Of course, few books can maintain that sort of intensity for their entire length. But Ash’s voice for too much of We All Want Impossible Things is too cute, too aware of its own cleverness and crammed with nonstop one-liners. It’s fun for a few pages, until it runs into IV poles and gastrostomy bags.

When the hospital staff tell Ash they’re ending Edi’s active medical care, she likens it to the server at a burger restaurant saying there are no more burgers and “There’s just this plate of nothing with a side of morphine and grief.” Another time, Ash tells her estranged husband that “I might not know the difference between praying and decorating a cupcake.”

The minimal narrative covers Edi’s last weeks at a hospice near Ash’s home, as friends and family straggle in and out, sharing memories and rugelach, taking her outside for a glimpse of the “whole domed black sky,” and trying not to cry too much.

Author Catherine Newman is brilliant and unsparing in describing the ways Edi’s body deteriorates. “Her legs are so swollen with fluids, so heavy and unbendingly kneeless, they’re like actual logs,” Ash notices at one point.

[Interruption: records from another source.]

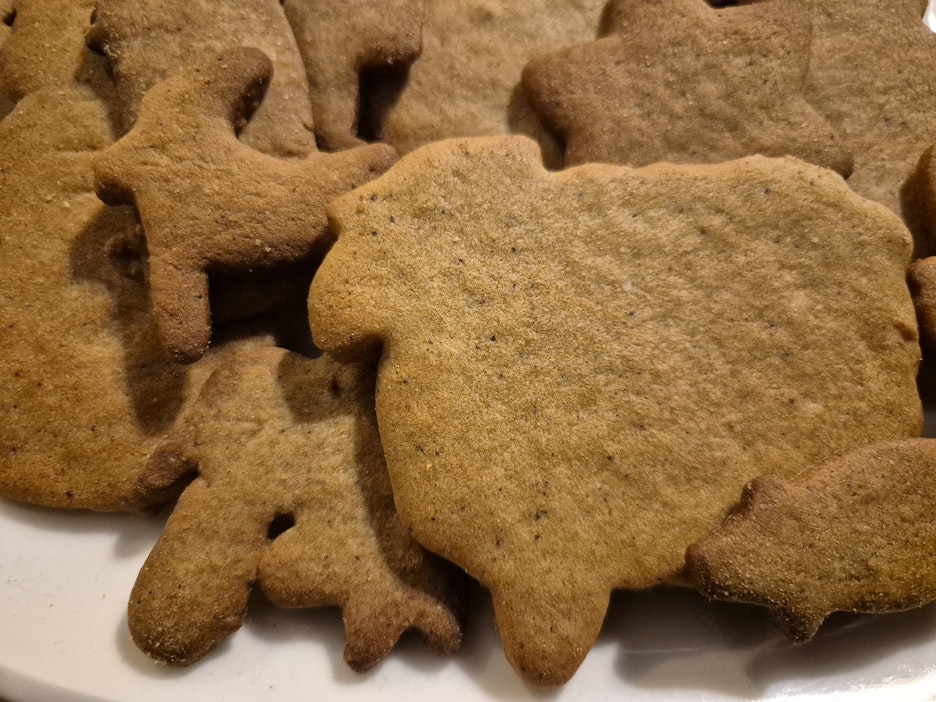 Kuvan piparit eivät liity tapaukseen.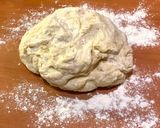 Foto del paso 2 de la receta: 🇷🇴 PLĂCINTĂ CU CARTOFI (Rumanía)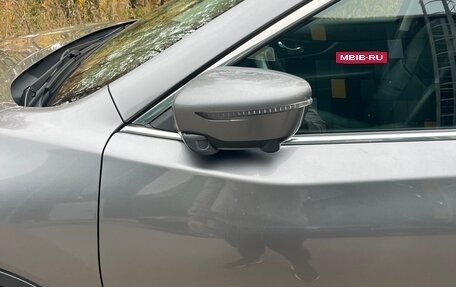 Nissan X-Trail, 2018 год, 2 000 000 рублей, 7 фотография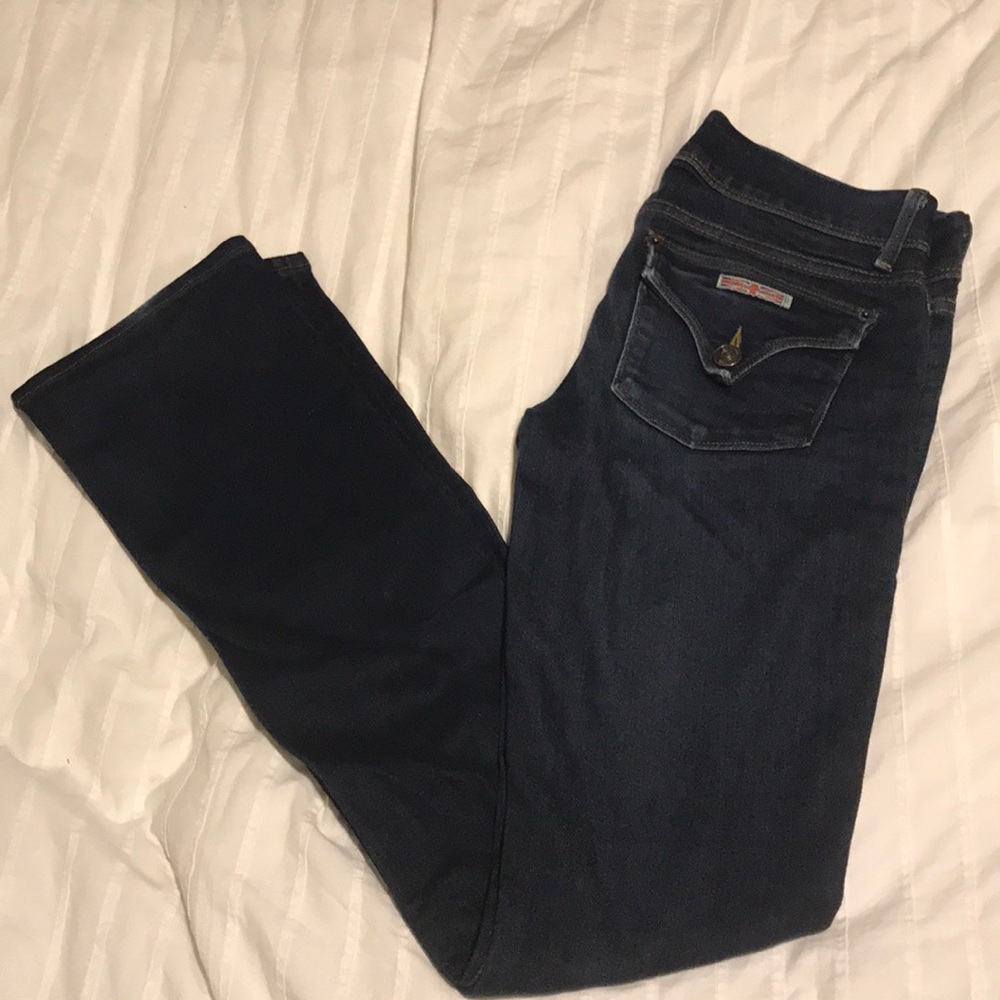 Hudson Jeans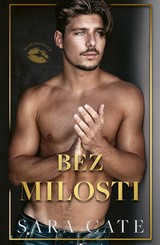 E-kniha Bez milosti - Sara Cate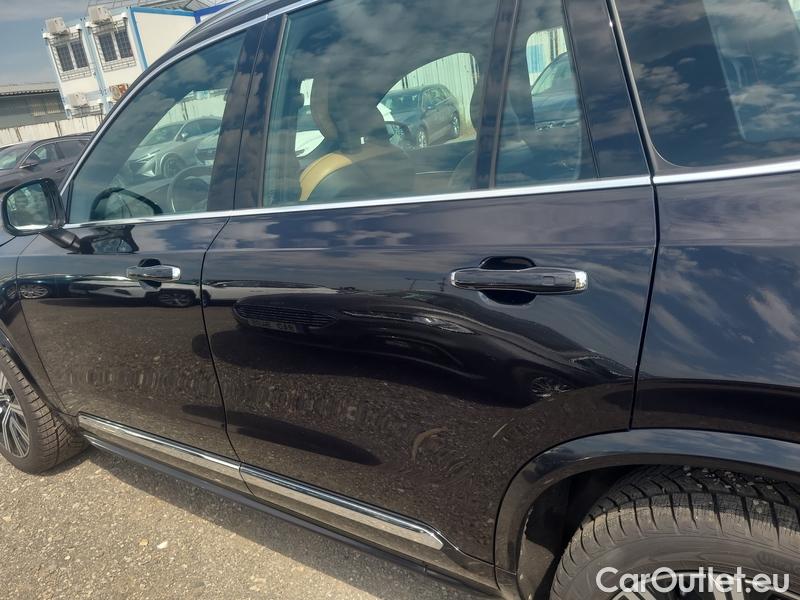  Volvo  XC90 XC 90 (2015)  B5 2.0 DE Inscrip. AWD AT #9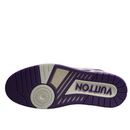 Louis Vuitton "Trainer Purple"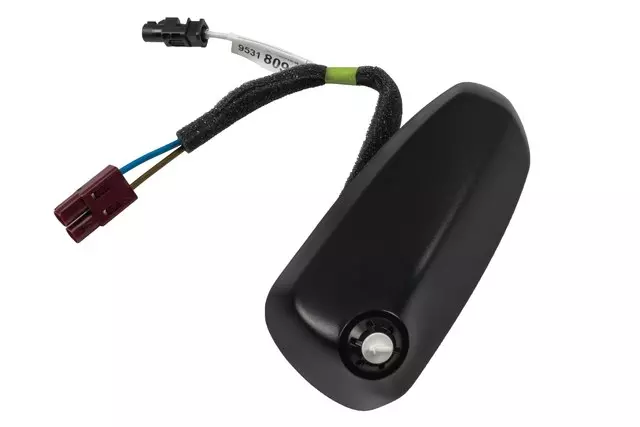 Radio Antenna Base - GM (95318096)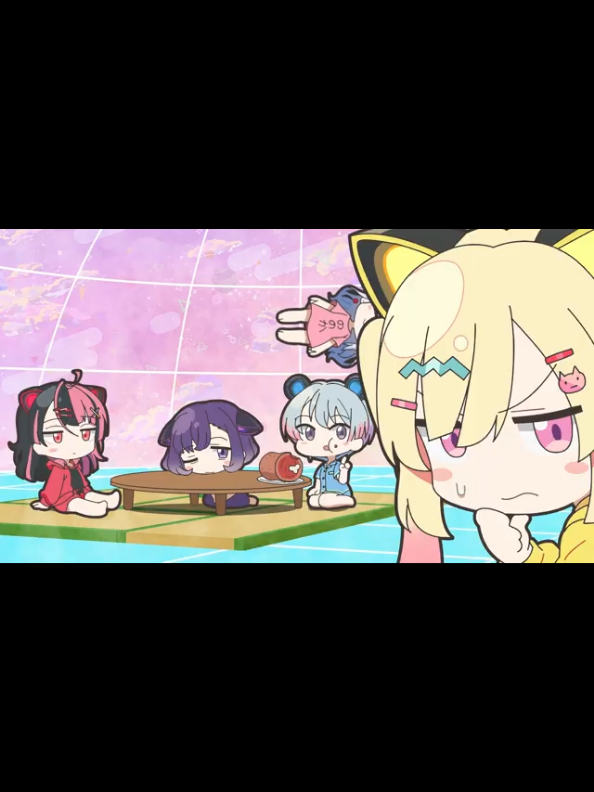 @Bandori Nation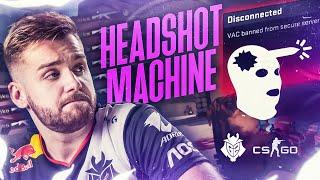 Hes A Headshot Machine  G2 NiKo Stream Highlights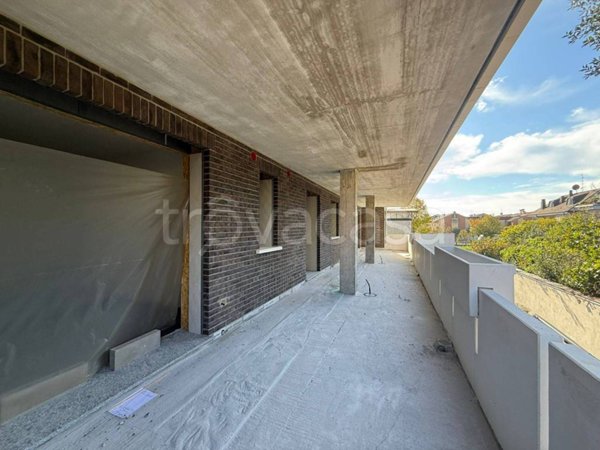 appartamento in vendita a Cesano Maderno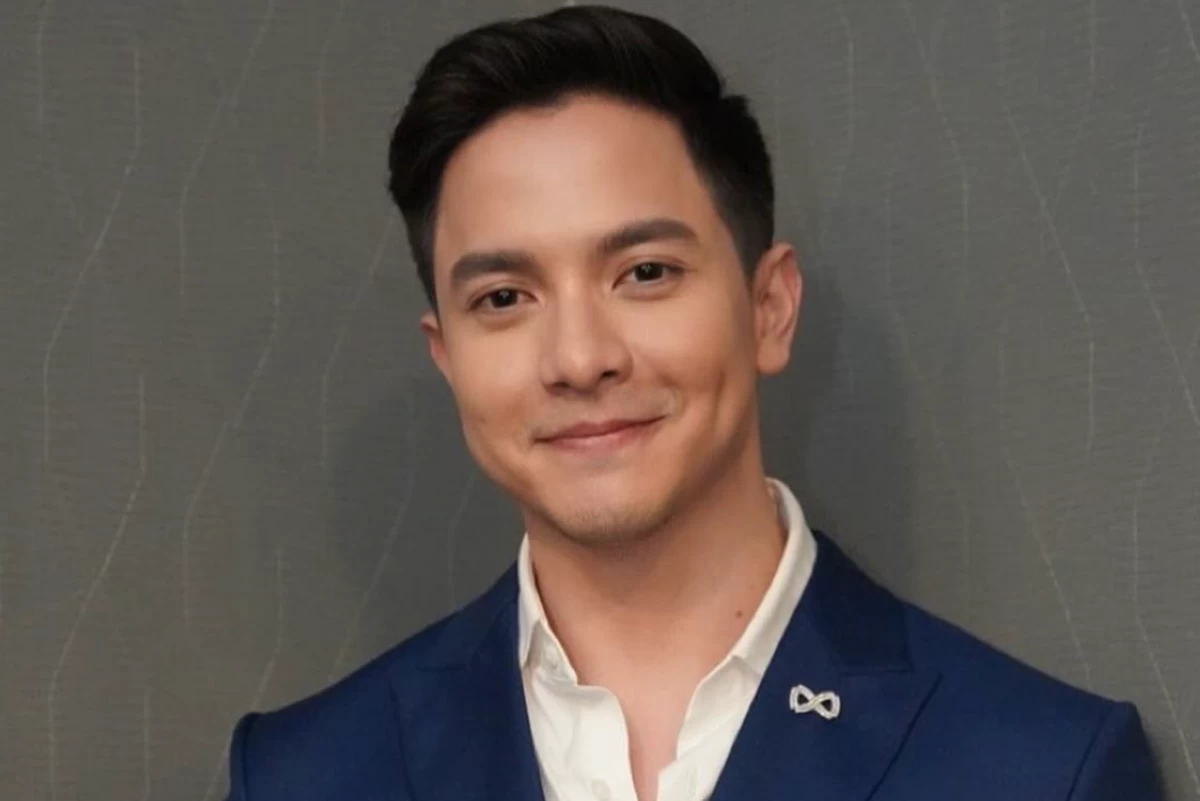 Alden Richards (Instagram)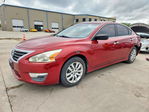 Nissan Altima 2013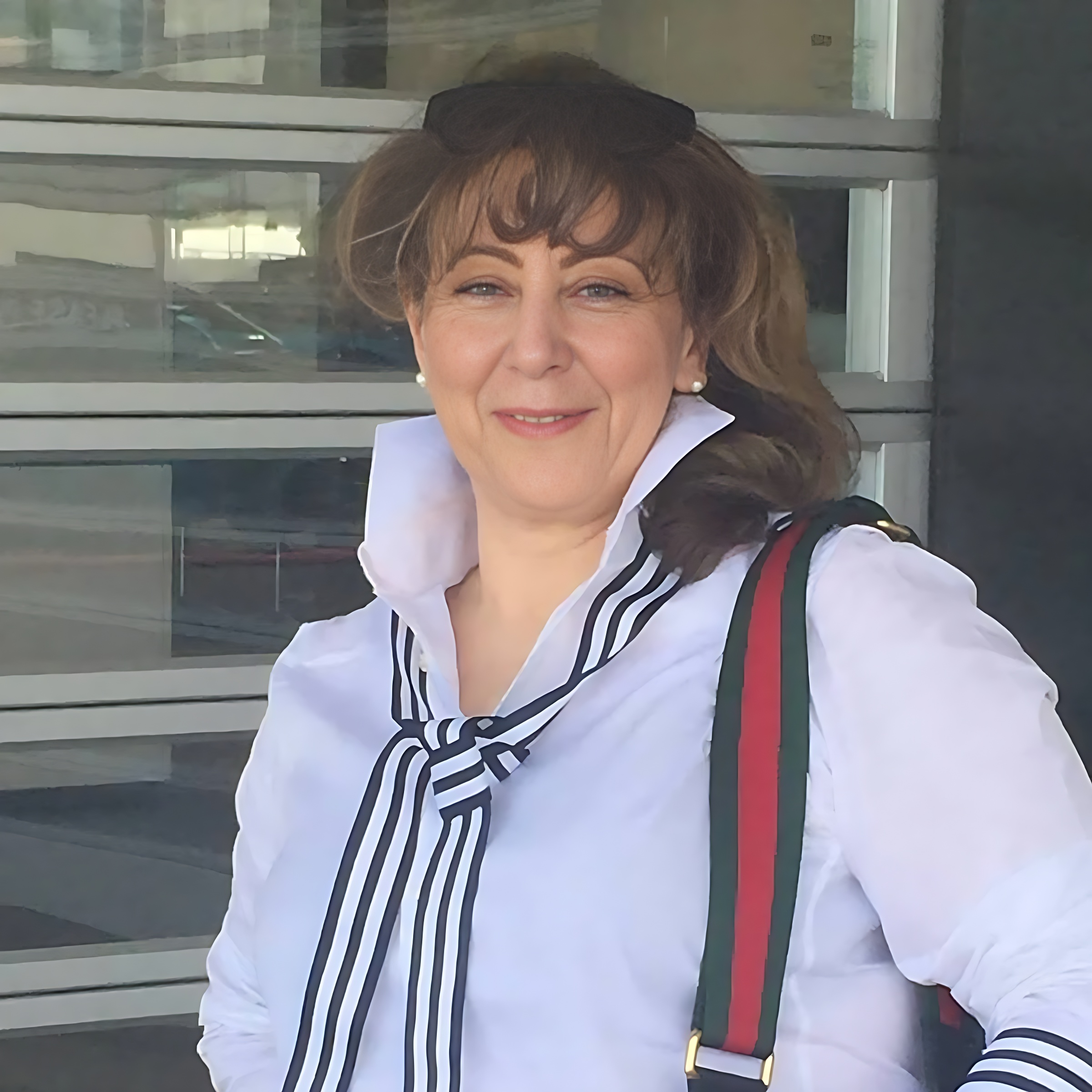 Stella Vladi Davtyan
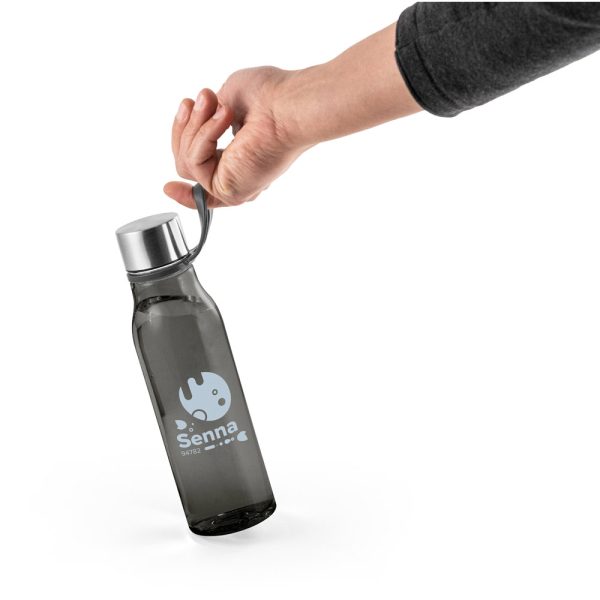 94782 bouteille en pet recycle sangle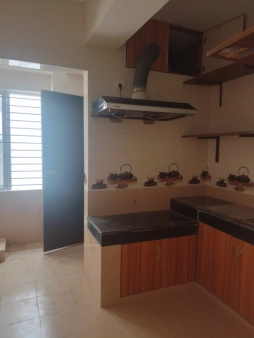  3 Bedroom Flat for rent in  Agrabad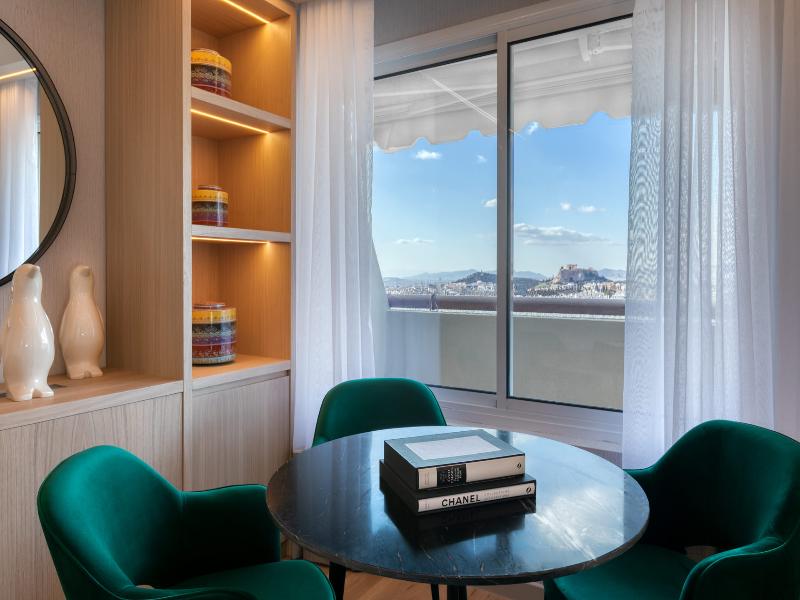Divani Caravel image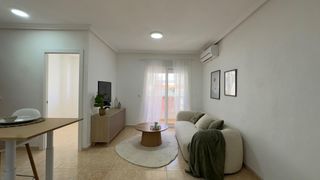 Apartamento en N/a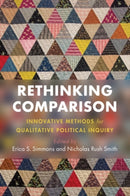 Rethinking Comparison : Innovative Methods for Qualitative Political Inquiry-9781108965743
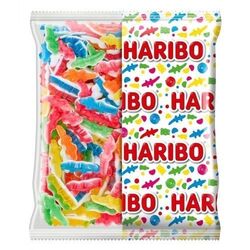 HARIBO Hari Croco en sac de 1 kg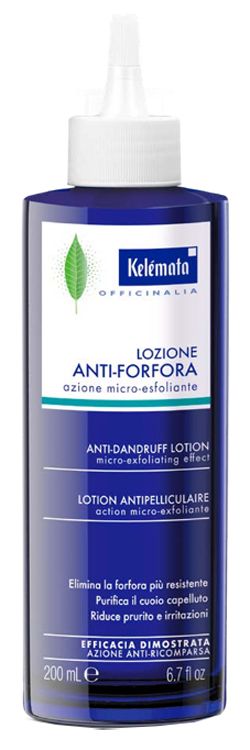 LOZIONE ANTIFORFORA 200ML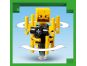 LEGO® Minecraft® 21266 Lávová bitva v Netheru 7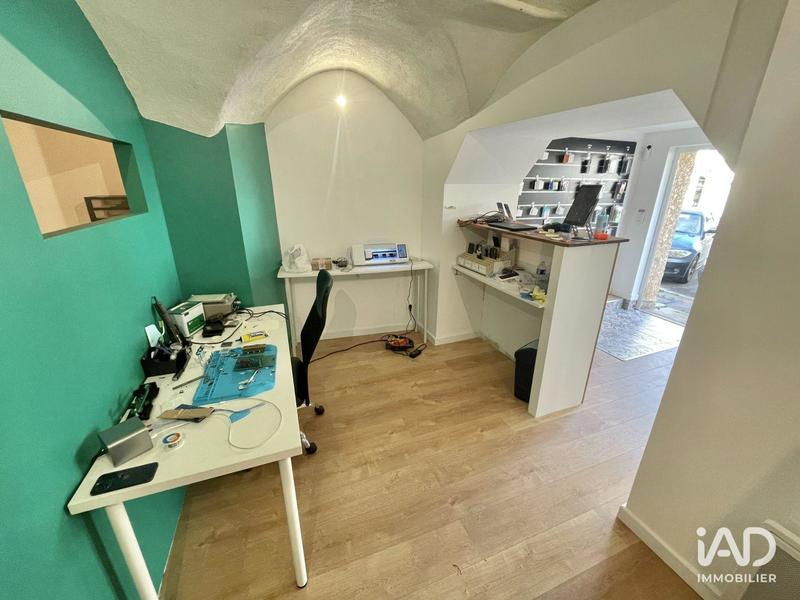 Local commercial - 40 m²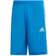 Adidas Designed 2 Move 3-Stripes Primeblue Shorts Men - Blue Rush/White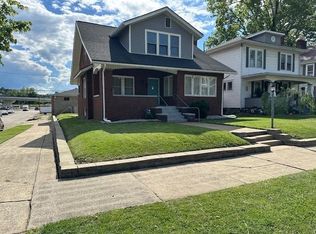 724 S 4th St, Ironton, OH 45638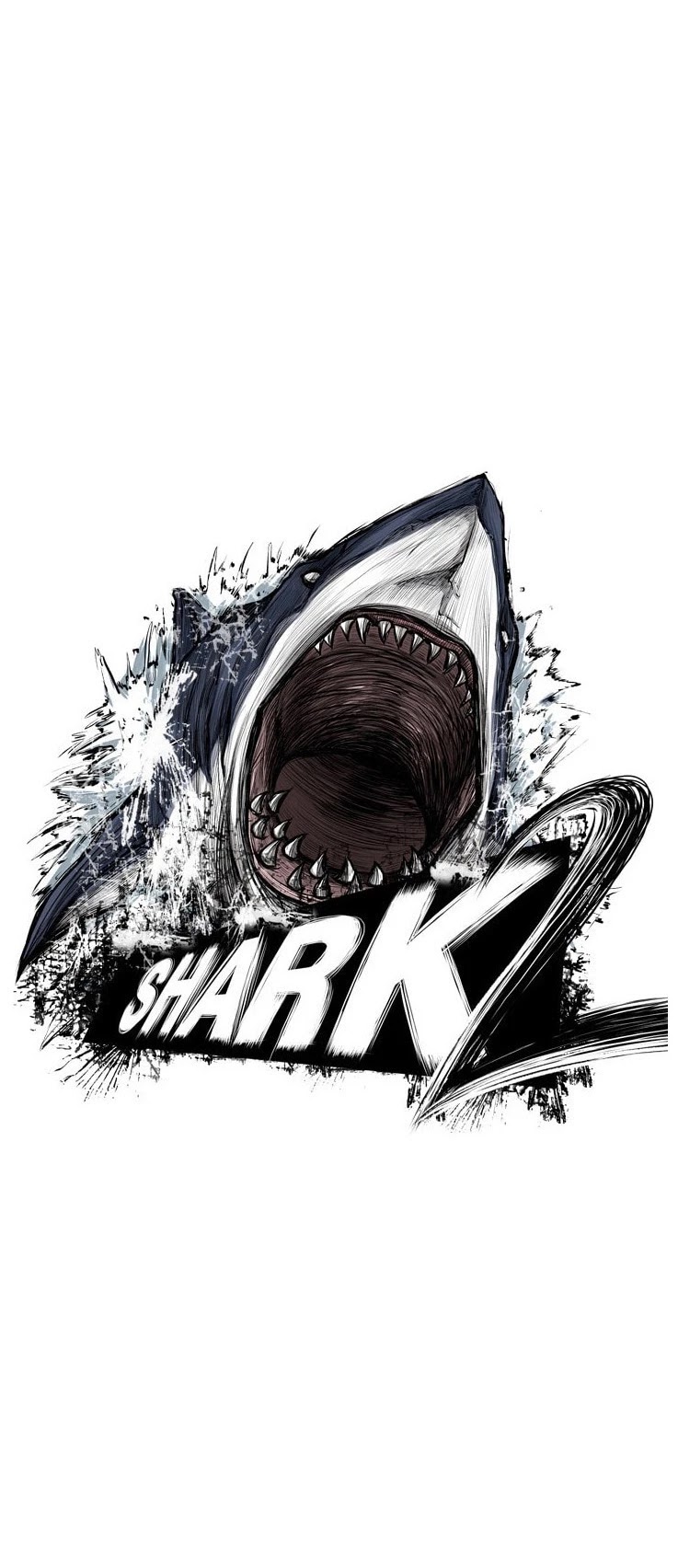 Read Shark EN Manga Online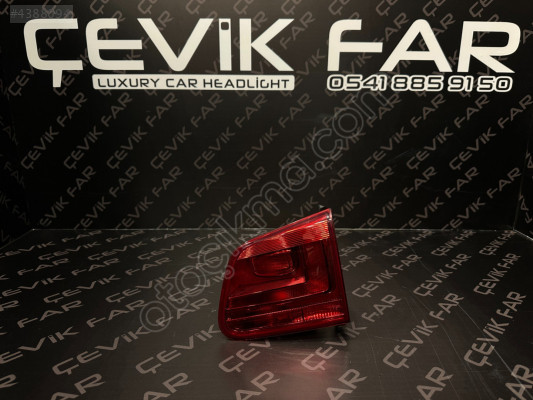 VOLKSWAGEN TİGUAN 2012-2015 SAĞ İÇ STOP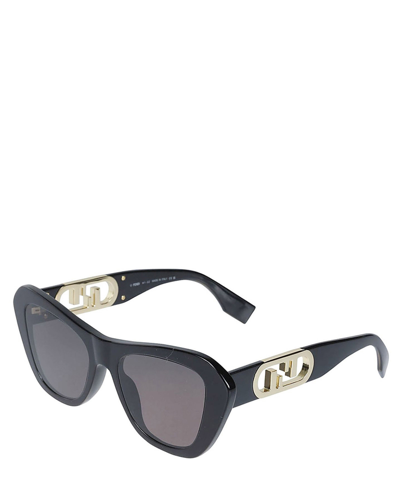 Fendi Sunglasses Fe40064i In Crl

Richly interspersed with this current-day story line are colorful flashbacks about Edi’s and Ash’s childhoods, marriages, house-hunting, and the raising of their own children. The psychological unraveling of Ash’s life creates a bit more active subplot, with her bouts of comfort food and one-night (or several-night) stands. 

The other major problem with this novel is its premise: If Edi has only weeks to live, would she really leave her son and her husband, Jude—forever—to die in a hospice far away, merely because Ash and Jude can’t find an available bed nearer to her New York City home within their first few hours of phone calls? Wouldn’t Edi want to spend every last minute with her family? How about staying at home and hiring a temporary aide or nurse while her companions continue searching for a closer hospice?

What saves this book, in addition to the passages of Ash’s powerful voice, are the characters. They are all original, fully imagined human beings, likable in different ways. Most important, Edi is neither depressed nor spunky, but just herself—sometimes cracking jokes, sometimes scolding Ash, sometimes musing in odd ways that are subtle signs of cognitive decline.

“Write a book about this,” Edi orders Ash, a food writer by profession. “About all of this. Death too. About dying. Hospice.”

Ash refuses, insisting that “I would never finish that book. I would never want it to end.”